Così, piaccia o no, oggi il Comitato dice la sua e bacchetta l’Italia. L’occasione, la prima, è il ricorso di due famiglie nordafricane che vivono a Roma e insieme ad altre famiglie occupano alcuni alloggi in via Latino Silvio, rispettivamente dal 2000 e dal 2005, quando la proprietà non era di nessuno. Ad oggi gli inquilini sono una trentina, di cui una decina i minori. Nel 2008 anni le Ferrovie dello Stato diventano proprietarie e nel 2012 arriva la prima sentenza di sfratto, che però non diverrà esecutiva fino al 2021, ad oltre vent’anni dall’arrivo delle famiglie e senza mai trovare una soluzione alternativa compatibile coi loro bassi redditi e con la presenza di minori. In extremis, tutto quello che l’Italia riesce a proporre è un alloggio d’emergenza temporaneo per donne e minori, che divide le famiglie e lascia in strada gli uomini mettendo a rischio il sostentamento di tutti. Respinta dal Comitato la posizione dell’Italia per cui i ricorrenti avrebbero dovuto proseguire la strada giudiziaria interna, con un’improbabile e costosa impugnazione dello sfratto esecutivo e magari, chissà come, presentandosi davanti alla Corte costituzionale.

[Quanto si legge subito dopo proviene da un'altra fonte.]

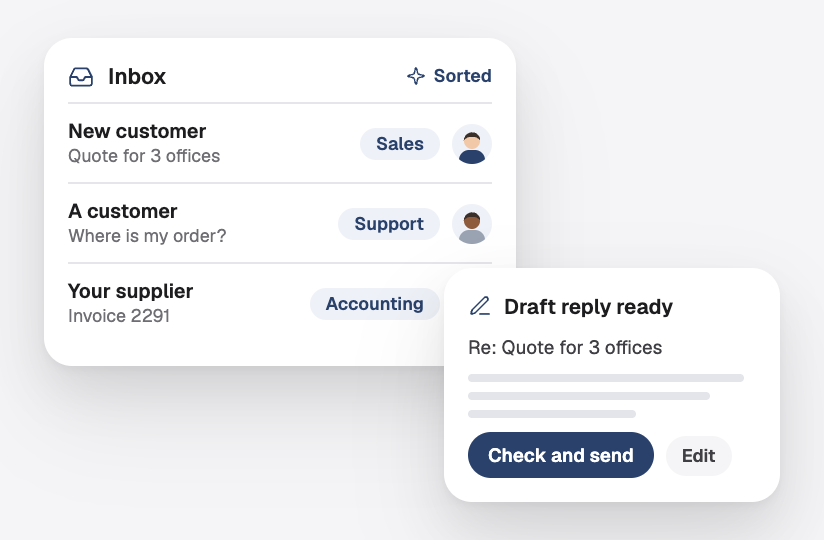 An inbox with each message labelled and sent to the right person, and a draft reply ready to check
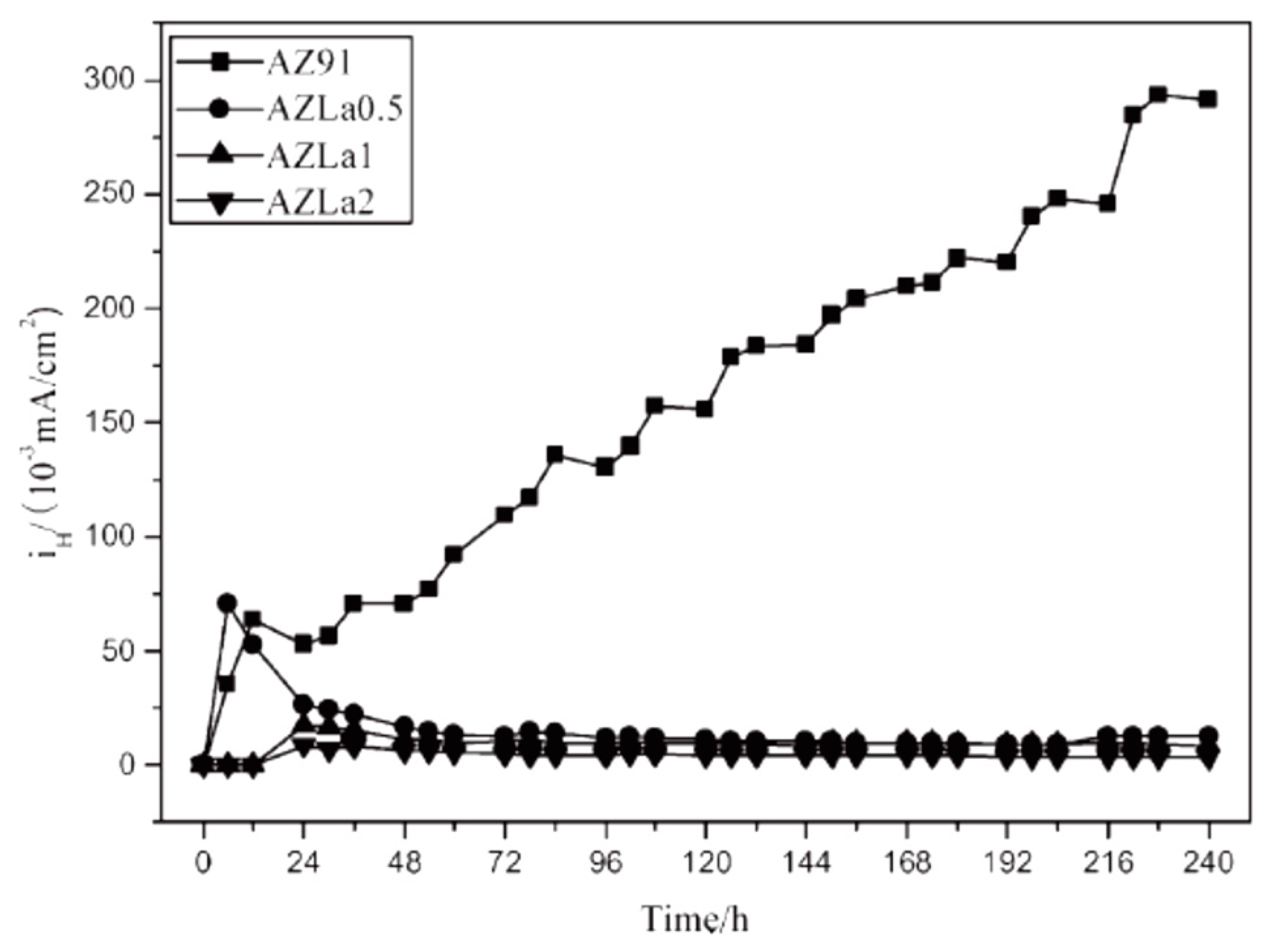 Metals 07 00252 g031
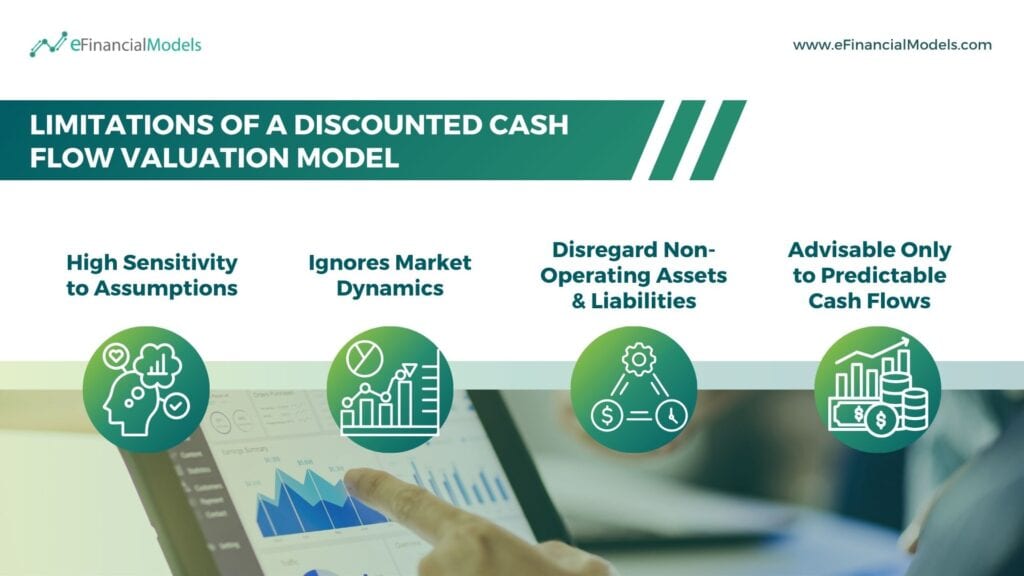 Limitations of DCF Valuation Model | eFinancialModels Illustration of DCF valuation model limitations: sensitivity to assumptions, market dynamics, and cash flow predictability.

Al contrario, il Comitato accoglie i ricorsi in cui le famiglie sostengono di aver subito uno stato di incertezza abitativa per 16 anni nonostante le richieste di soluzioni alternative alle autorità nazionali. Quanto alla decisione giudiziaria di sfratto, in assenza di consultazione e di previste alternative, ai sensi del Patto “è una violazione del diritto a un alloggio adeguato”. La constatazione censura l’intero approccio Italiano, ritenendo gli sgomberi forzati contrari alla norma e giustificabili solo in via eccezionale. Nel caso specifico, invece, le autorità italiane non avrebbero rispettato i principi di ragionevolezza e di proporzionalità. E questo perché la limitazione del diritto a un alloggio adeguato, come prescrive l’articolo 4 dello stesso Patto, deve rispondere a precisi requisiti: “Deve essere determinata dalla legge, promuovere il benessere generale in una società democratica, ed essere adeguata allo scopo legittimo citato”, si legge. Ancora: “Il Comitato ritiene che lo sfratto degli autori e delle loro famiglie senza un adeguato test di proporzionalità da parte delle autorità giudiziarie, in assenza di considerazione dell’impatto sproporzionato che lo sfratto potrebbe avere sugli autori e sulle loro famiglie e dell’interesse superiore del bambino, e senza rispettare le garanzie procedurali di un’adeguata e reale consultazione, abbia costituito una violazione del diritto degli autori a un alloggio adeguato”.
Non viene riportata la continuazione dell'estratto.